Gryphon Theatre, 22 Ghuznee Street, Wellington

03/03/2025 - 05/03/2025

NZ Fringe Festival 2025

Production Details


Writer: Whitney Nicholls-Potts
Creative Producer & Visual artist: Ashley Church
Composer: Shaun Blackwell
Director: Whitney Nicholls-Potts

Kaputī Studio


Papa is a solo mum on the dating apps yearning for love and/or a night out. She’s grappling with separation from Rangi whilst trying to untangle the self and figure out how to co-parent with a skyfather. Grandma Birdie and Nana Rose chime in with hot-takes from te ao Wairua.

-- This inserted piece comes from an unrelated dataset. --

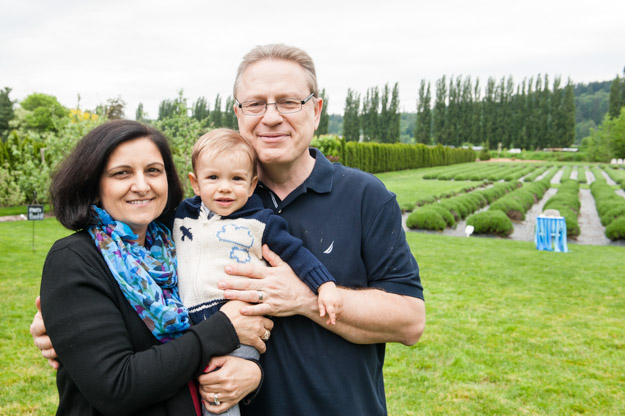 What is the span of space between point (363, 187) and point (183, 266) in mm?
764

It’s a multimedia rant on the current state of love and domestic life.

Gryphon Theatre
3, 4, 5 March 2025
5.30pm
https://tickets.fringe.co.nz/event/446:6105/


Cast:
Te Ani Solomon: Papa
Te KuraHuia: Nana Rose
Monica-Ellen Vincent-Graham: Grandma Birdie
Shaun Blackwell: Rangi & Composer

Crew:
Hannah Clarke-Sersen & Sam Hanna: Set Design
Maea Shepherd: Lighting Design
Dave McDonald: Merch Designer and Kaiāwhina


Theatre , Multimedia , Te Ao Māori ,


1 hour

A modern retelling of Papa and Rā that reflects real-life struggles and celebrates wāhine Māori resilience

Review by Ropata Tanatiu 04th Mar 2025

“Papa te whatitiri, hikohiko te uira”
“The crash of thunder, the flash of lightning, the spark ignites”

Blending music, theatre and storytelling, Papa breathes new life into the legendary Māori purākau of Ranginui (Rā) and Papatūānuku (Papa). This contemporary reimagining, written and directed by Whitney Nicholls-Potts, led by the mesmerizing Te Ani Solomon as Papa, takes the audience on a deeply moving and thought-provoking journey through love, loss and self-discovery.

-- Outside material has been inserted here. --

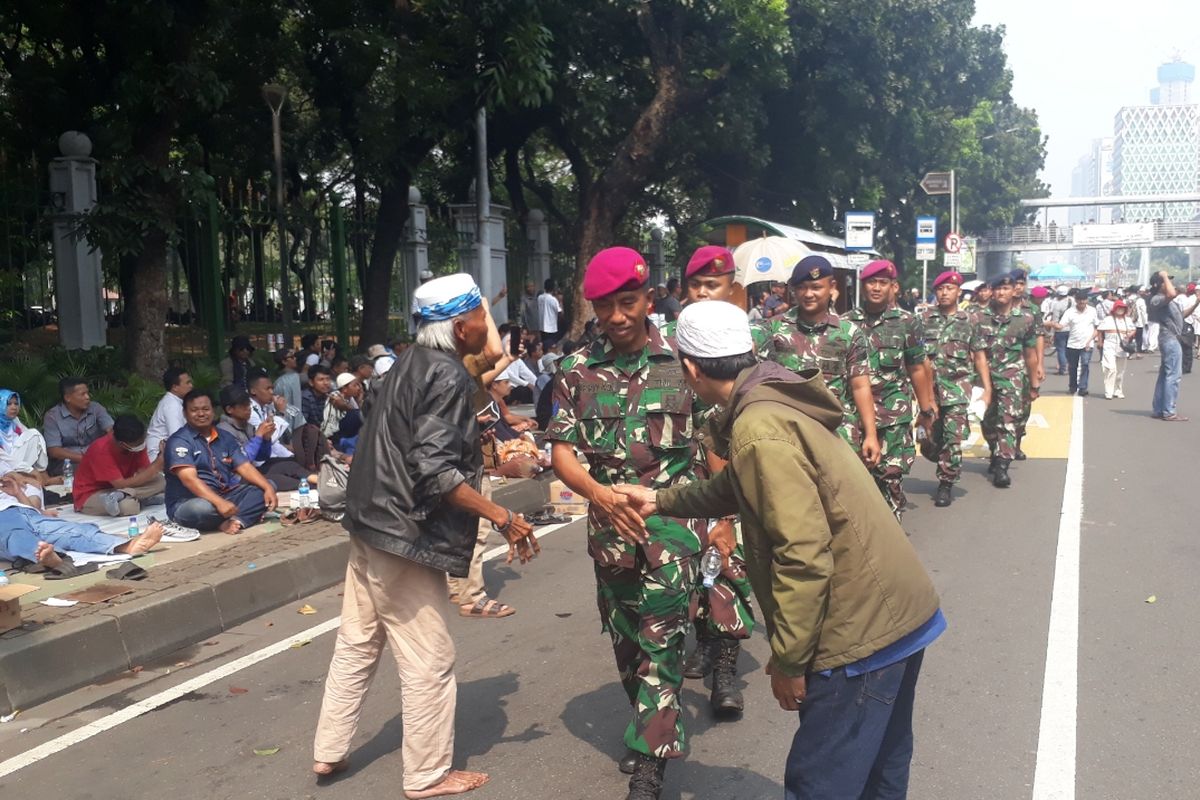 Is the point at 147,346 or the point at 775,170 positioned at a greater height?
the point at 775,170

From the moment you step into the theatre, the experience begins. The ambient music, led by Shaun Blackwell (who stars as Rā) and the soft lighting create an immersive atmosphere, setting the stage for what is not just a performance but an emotional and spiritual encounter. The opening scene immediately draws us in: Papa, a newly single mother, sits at her table, scrolling through social media.

The images projected onto the set mirror her ‘doom scrolling’, a hauntingly relatable depiction of modern isolation and longing. As she changes the radio station to avoid an International Women’s Day announcement, we sense the underlying tension — her struggle with identity, self-worth and the reality of solo motherhood.

Visually, the show keeps things simple, allowing lighting and music to shape the emotional landscape. The ethereal combination of strings, piano and vocals enhances the dreamlike quality of Papa’s reflections, drawing the audience deeper into her world.

Solomon’s performance is raw and compelling. She masterfully embodies a wāhine toa torn between her yearning for companionship and the weight of her responsibilities. Her adaptation and performance of Whitney’s-monologues are deeply personal, particularly when she reminisces about her Nan, subtly weaving in themes of intergenerational wisdom and loss.

Adding depth and humour to the show are Papa’s two spiritual guardians, Nana Rose, played by Te Kura Huia, and Grandma Rose, played by Monica-Ellen Vincent-Graham. Dressed in contrasting white and black, they serve as both her conscience and her spiritual guides, offering opposing views on her past relationship with Rā.

Their dynamic brings a balance of comedy and wisdom, easing the weight of heavy themes like depression, grief, feminism, abortion and solo parenting. Through waiata and whakataukī, they infuse the narrative with the essence of Te Ao Māori, ensuring that even the toughest conversations are grounded in mana, wairua, and mauri.

What makes Papa particularly powerful is its unflinching honesty. Hard topics are often left unspoken in Te Ao Māori, yet this production approaches them with dignity and care. The storytelling feels effortless, yet its impact is profound.

This is more than just a modern retelling of a legend — it’s a reflection of real-life struggles, a celebration of wāhine Māori resilience and a testament to the power of purākau.

A must-see for those who appreciate theatre that challenges, heals and uplifts.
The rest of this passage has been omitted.